▶ **Assigned task**: Pictures excluded, copy word for word the lines from the one holding "Rosalie | Woodland Print Midi Dress" through the last line below.

▶ **Data section**:
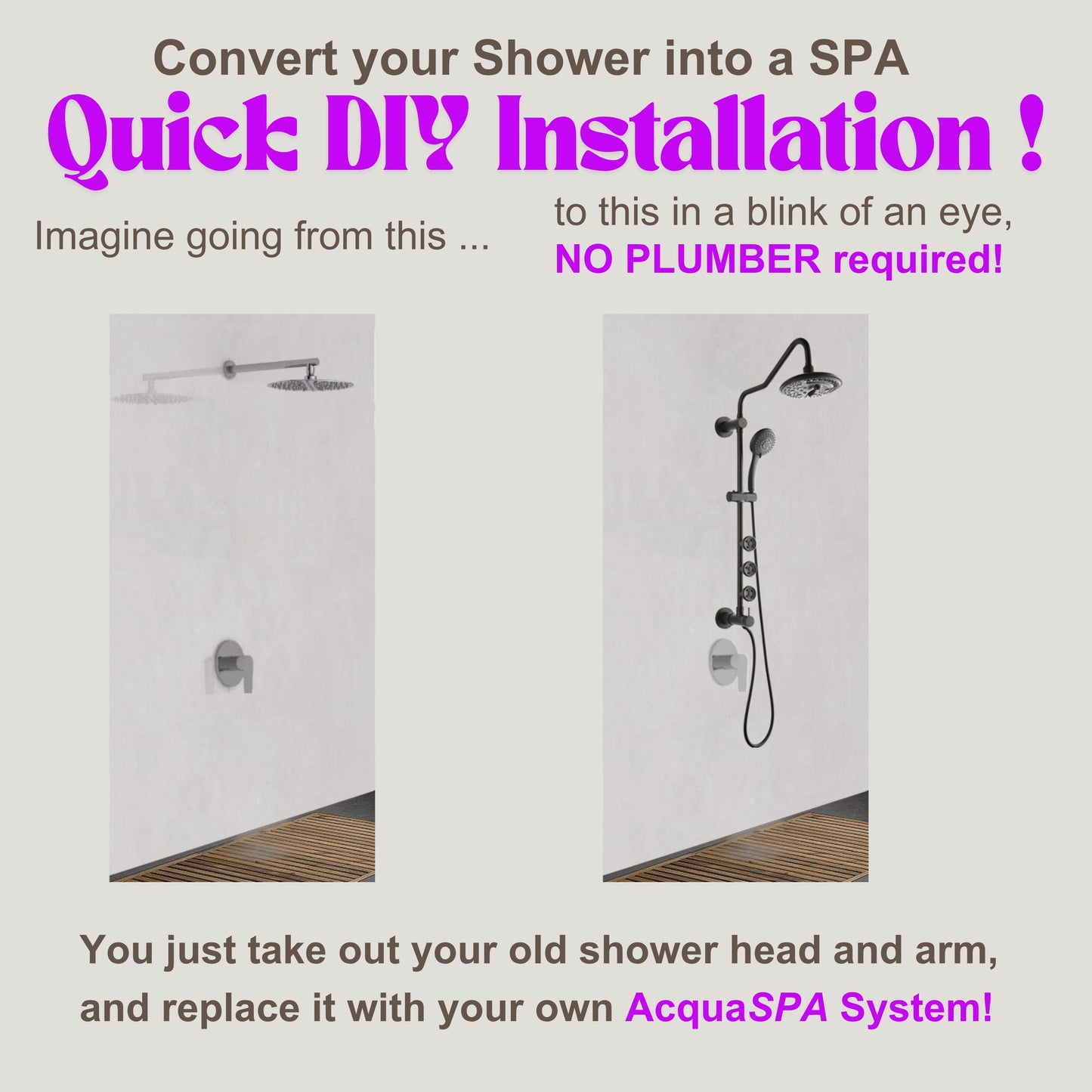 Forno Acqua AcquaSPA Retrofit Shower, Overhead Rainfall, 8 Inch Shower Head, Handheld Shower Head, Body Jets, 6 Way Diverter, Matte Black Finish, 1.8 GPM Flow Rate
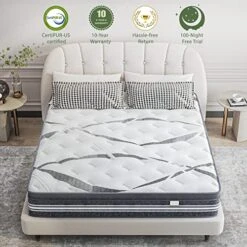 Queen Mattress 12 Inch, Memory Foam Hybrid Mattress, Queen Size Mattress In A Box, Individually Wrapped Coils, CertiPUR-US Certified, Medium Firm Mattress For Back Pain & Overweight -Best Furniture Store 51VYvokIu4L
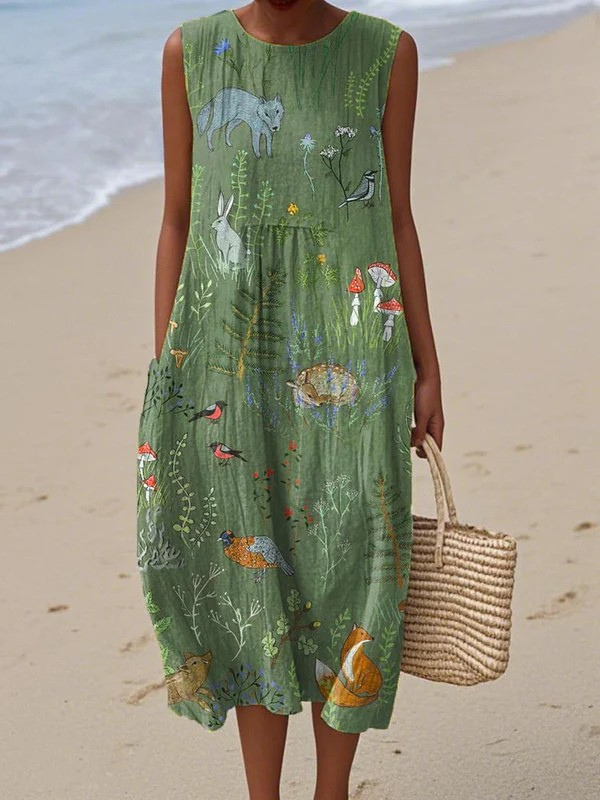 Rosalie | Woodland Print Midi Dress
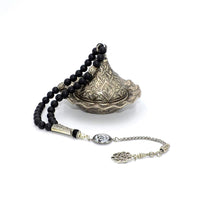 SPECIAL -ALLAH TASSEL- COLLECTION Black Agate Stone Prayer Beads-Tesbih-Tasbih (8 mm-33 beads)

▶ **Response to this exercise**:
 Rosalie | Woodland Print Midi Dress
 SPECIAL -ALLAH TASSEL- COLLECTION Black Agate Stone Prayer Beads-Tesbih-Tasbih (8 mm-33 beads)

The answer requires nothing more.